Günter Deckert leugnete Vergasungen im Vernichtungslager Auschwitz/ Pseudowissenschaftlicher „Leuchter-Report“ als Propagandamittel der Rechtsradikalen  ■ Aus Mannheim Susanne Wolf

Zu einer einjährigen Haftstrafe auf Bewährung und einer Geldbuße in Höhe von 10.000 Mark verurteilte das Mannheimer Landgericht den NPD-Bundesvorsitzenden Günter Deckert. Die 4.Große Strafkammer des Landgerichts sprach den 52jährigen Deckert in allen Anklagepunkten – üble Nachrede, Verunglimpfung des Andenkens Verstorbener und Volksverhetzung – für schuldig. Deckert kündigte unmittelbar nach der Urteilsverkündung Revision an.

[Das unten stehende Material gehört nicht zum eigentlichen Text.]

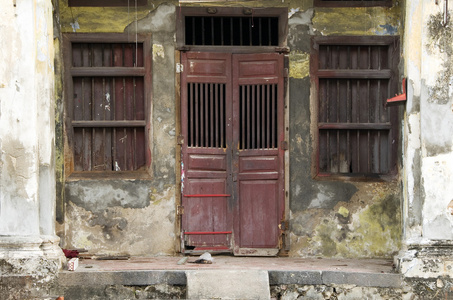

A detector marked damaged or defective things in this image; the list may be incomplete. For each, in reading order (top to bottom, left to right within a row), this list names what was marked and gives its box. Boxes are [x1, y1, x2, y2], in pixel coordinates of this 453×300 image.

peeling plaster wall [57, 0, 402, 258]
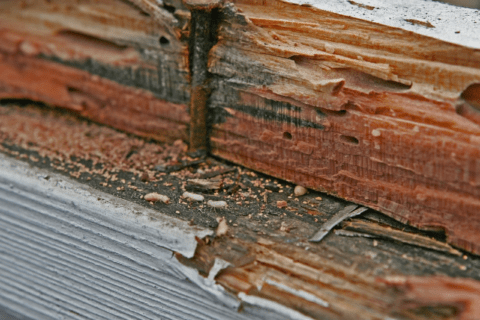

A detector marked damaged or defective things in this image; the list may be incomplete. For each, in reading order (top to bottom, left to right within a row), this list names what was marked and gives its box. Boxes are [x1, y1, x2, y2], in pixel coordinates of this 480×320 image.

damaged wooden board [0, 102, 480, 320]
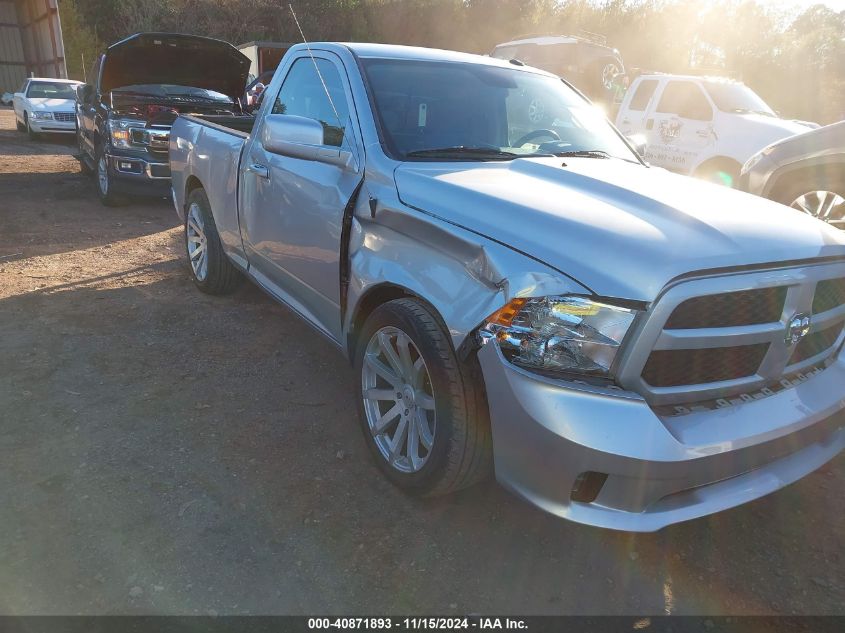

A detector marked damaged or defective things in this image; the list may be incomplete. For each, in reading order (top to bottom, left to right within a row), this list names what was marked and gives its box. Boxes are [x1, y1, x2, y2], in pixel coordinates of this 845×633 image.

broken headlight lens [482, 296, 632, 378]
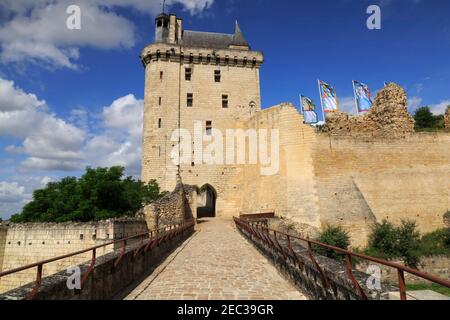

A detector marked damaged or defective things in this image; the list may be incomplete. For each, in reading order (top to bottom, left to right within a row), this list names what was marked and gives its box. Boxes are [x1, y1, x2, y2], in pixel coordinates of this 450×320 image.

rusty metal railing [0, 219, 194, 298]
rusty metal railing [234, 216, 450, 302]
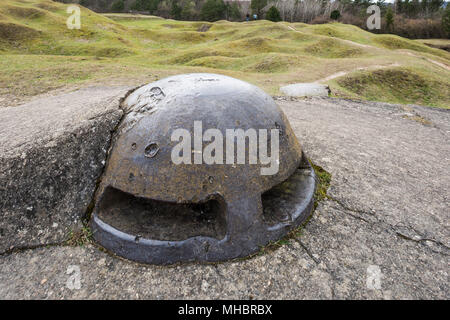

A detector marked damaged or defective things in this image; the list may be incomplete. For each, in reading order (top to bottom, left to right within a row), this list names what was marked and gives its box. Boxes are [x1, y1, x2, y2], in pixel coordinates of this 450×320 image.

rusted metal surface [90, 74, 316, 264]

Der Stadt- und Kreisrat Deckert hatte am 10. November 1991 in seiner Heimatgemeinde Weinheim (Nordbaden) eine öffentliche Veranstaltung mit dem US-amerikanischen Nazi-Revisionisten Fred Leuchter durchgeführt. Leuchter, Autor des „Leuchter- Gutachtens“, ist einer des bekanntesten Vertreter des internationalen Revisionismus. Im Auftrag des deutsch-kanadischen Neonazis Ernst Zündel flog Leuchter 1988 nach Polen. Mit einem Team inspizierte er dort die ehemaligen Konzentrationslager Majdanek und Auschwitz. Wenige Wochen später legte Leuchter seinen Bericht vor, demzufolge in den Konzentrationslagern keine Gaskammern betrieben worden seien. Der Holocaust an den europäischen Juden wurde mit dem „Leuchter-Report“ in Abrede gestellt. Das kanadische Gericht, dem Zündel im April 1988 die Ergebnisse von Leuchter vorlegte, lehnte die revisionistische Arbeit ab. David Irving, britischer Publizist und Hitler-Apologet, steuerte das Vorwort für das 1989 in London als „The Leuchter Report. The First Forensic Examination of Auschwitz“ veröffentlichte „Gutachten“ bei.

Dankbar griff die wachsende Neonazi-Gemeinde auf die vorgeblich wissenschaftlichen Ergebnisse des „Leuchter-Reports“ zurück. Zahlreiche Übersetzungen und Ausgaben liegen bis heute vor. Hellmuth Auerbach vom Münchener Institut für Zeitgeschichte schreibt über die Revisionisten, sie „negieren Forschungsergebnisse, die ihnen nicht passen, oder versuchen, sie lächerlich zu machen. Sie beziehen sich mit Vorliebe auf ihresgleichen, schreiben voneinander ab. Durch ständiges Wiederholen derselben Argumente in Büchern, Aufsätzen und Pamphleten soll diesen Glaubwürdigkeit verliehen werden.“ Der Bundesgerichtshof entschied 1979, daß das Leugnen des Holocaust strafbar sei.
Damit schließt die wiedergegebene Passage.